■ Exercise brief:
Once the line holding "Revamp Progloss AC Professional 2400W Dryer" is found in the entries below, restate it and each line after it word for word, with no pictures.

■ Records for the task:
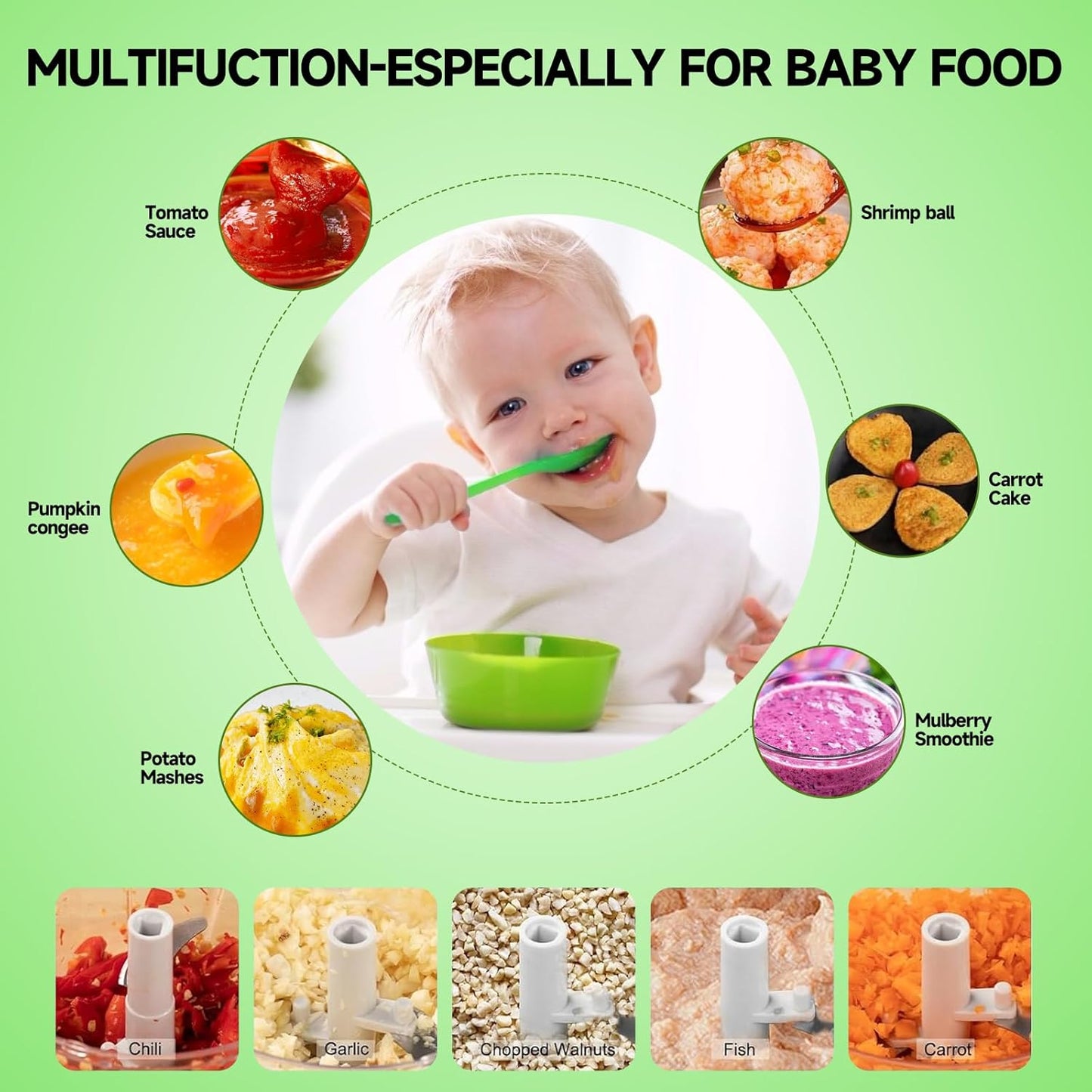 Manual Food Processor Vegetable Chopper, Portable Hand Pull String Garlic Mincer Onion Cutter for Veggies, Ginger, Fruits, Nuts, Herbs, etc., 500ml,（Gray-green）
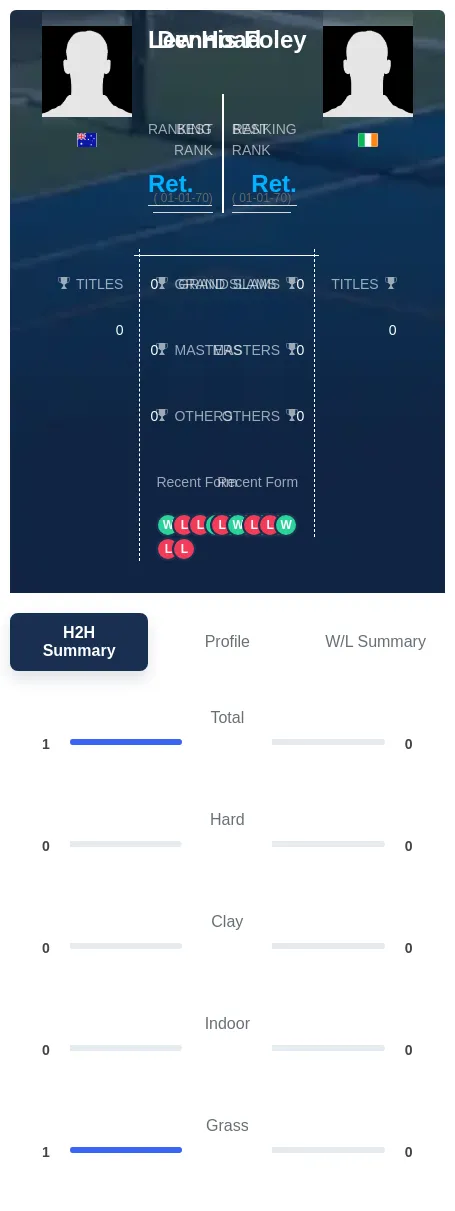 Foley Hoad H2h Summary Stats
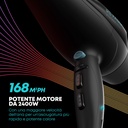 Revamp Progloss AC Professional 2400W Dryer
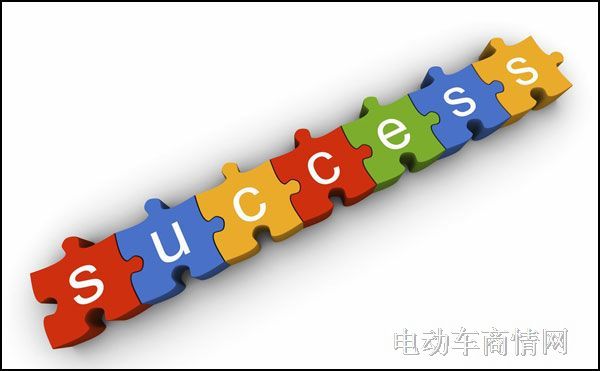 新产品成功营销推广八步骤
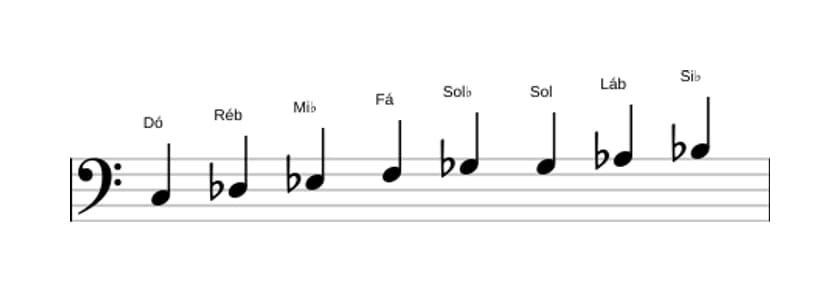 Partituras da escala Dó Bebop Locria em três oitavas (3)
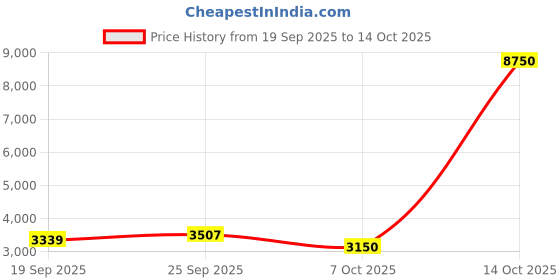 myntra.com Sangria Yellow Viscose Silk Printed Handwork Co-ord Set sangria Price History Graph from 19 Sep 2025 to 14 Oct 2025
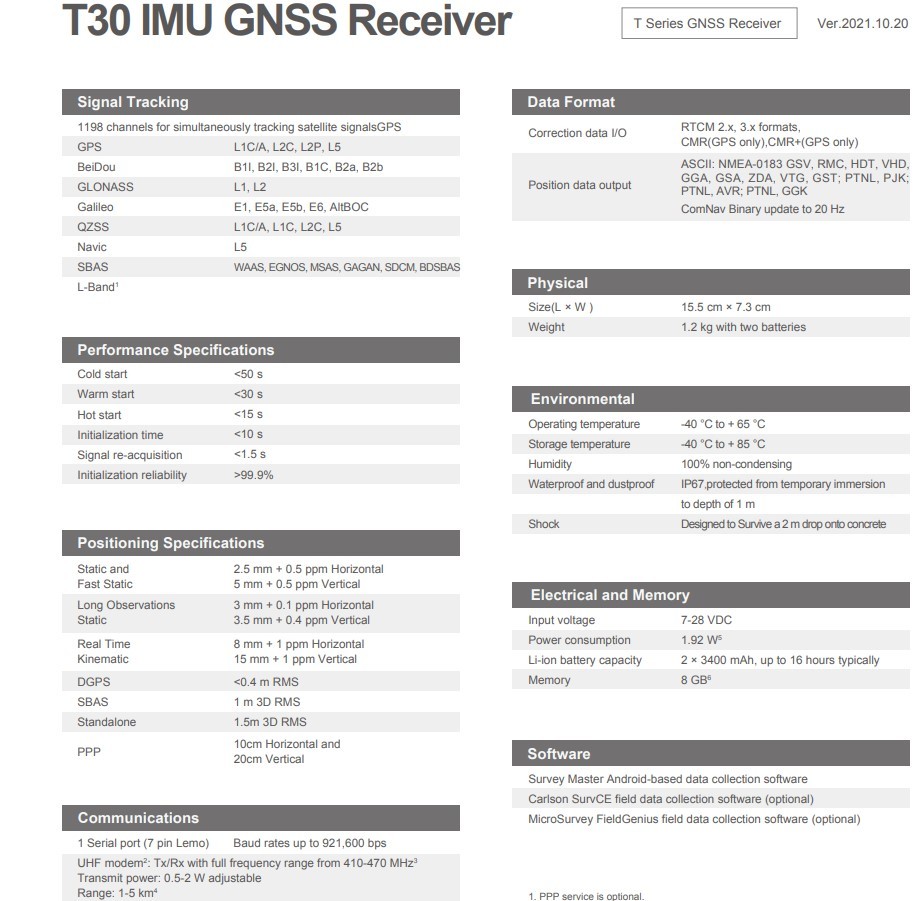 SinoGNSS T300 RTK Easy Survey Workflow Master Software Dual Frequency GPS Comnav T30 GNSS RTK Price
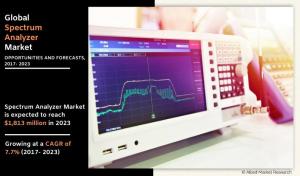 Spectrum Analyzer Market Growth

■ Task response:
 Revamp Progloss AC Professional 2400W Dryer
 新产品成功营销推广八步骤
 Partituras da escala Dó Bebop Locria em três oitavas (3)
 myntra.com Sangria Yellow Viscose Silk Printed Handwork Co-ord Set sangria Price History Graph from 19 Sep 2025 to 14 Oct 2025
 SinoGNSS T300 RTK Easy Survey Workflow Master Software Dual Frequency GPS Comnav T30 GNSS RTK Price
 Spectrum Analyzer Market Growth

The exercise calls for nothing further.